On my phone, that page is every bit as quick as a native app. The presentation doesn't suffer. It's actually quite a bit better than many native apps I've had the misfortune of installing.
More importantly, the content is actually discoverable from web search. The alternative is forcing the user to choose a recipes app from an opaque app store search, wait to download/install it, then search in that single silo of content and hope it has the content they want. Then, rinse/repeat if they don't find a recipe they like. Even if they happen to find a nice native app on the first try that does have a good UI, good content, and the specific content they want, that is a vastly inferior experience.
Can you create a poor mobile web experience? Sure. The situation isn't very much different than janky, slow desktop sites that are laden with too many third-party scripts for ads, tracking, social, etc.

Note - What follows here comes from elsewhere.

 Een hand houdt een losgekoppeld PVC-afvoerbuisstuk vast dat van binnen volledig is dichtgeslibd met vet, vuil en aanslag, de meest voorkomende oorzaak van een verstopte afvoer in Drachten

Mobile does exacerbate the effect of that kind of sloppiness, but I think that stems from sites where content is secondary to advertising/social, not the feasibility or difficulty of creating a good mobile web experience.

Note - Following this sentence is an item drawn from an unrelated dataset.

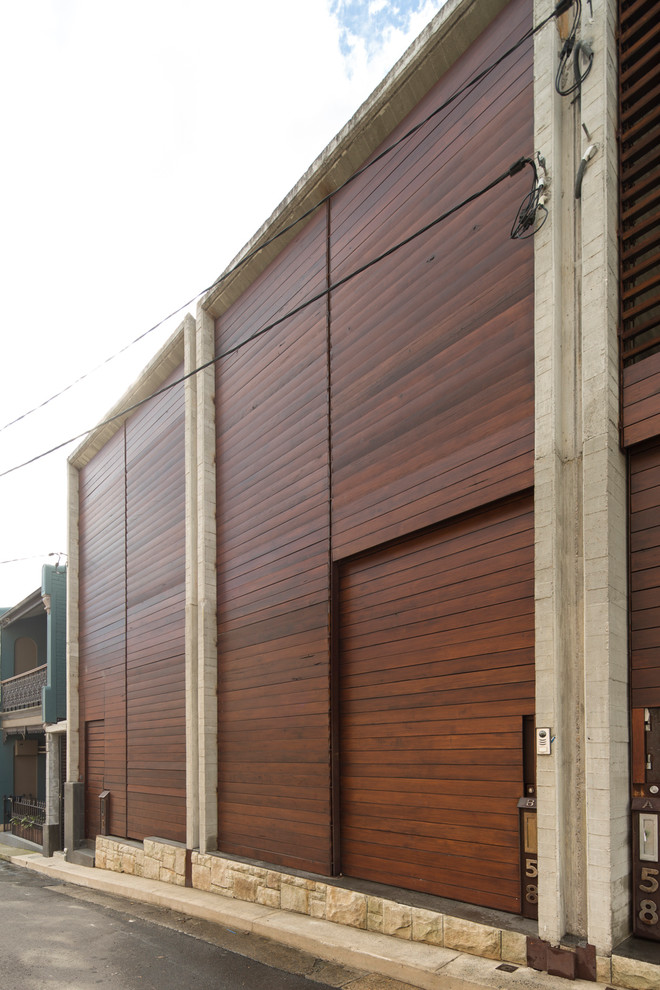 This is an example of a mid-sized industrial three-storey brown townhouse exterior in Sydney with wood siding and a flat roof.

I was going to add a disclaimer to the link above asking folks to be gentle if they peeked under the hood, because I developed that site in an insanely short amount of time for how much content and functionality is there, but maybe that's an important data point in and of itself. If it were so difficult to develop a decent mobile web experience, there's no way I could have shipped that full site in about two weeks of billable hours. Not to mention, we focused a lot more on the desktop layout than mobile, based on analytics. I wouldn't say mobile was an afterthought, but the phone layout was a fairly small fraction of the overall effort.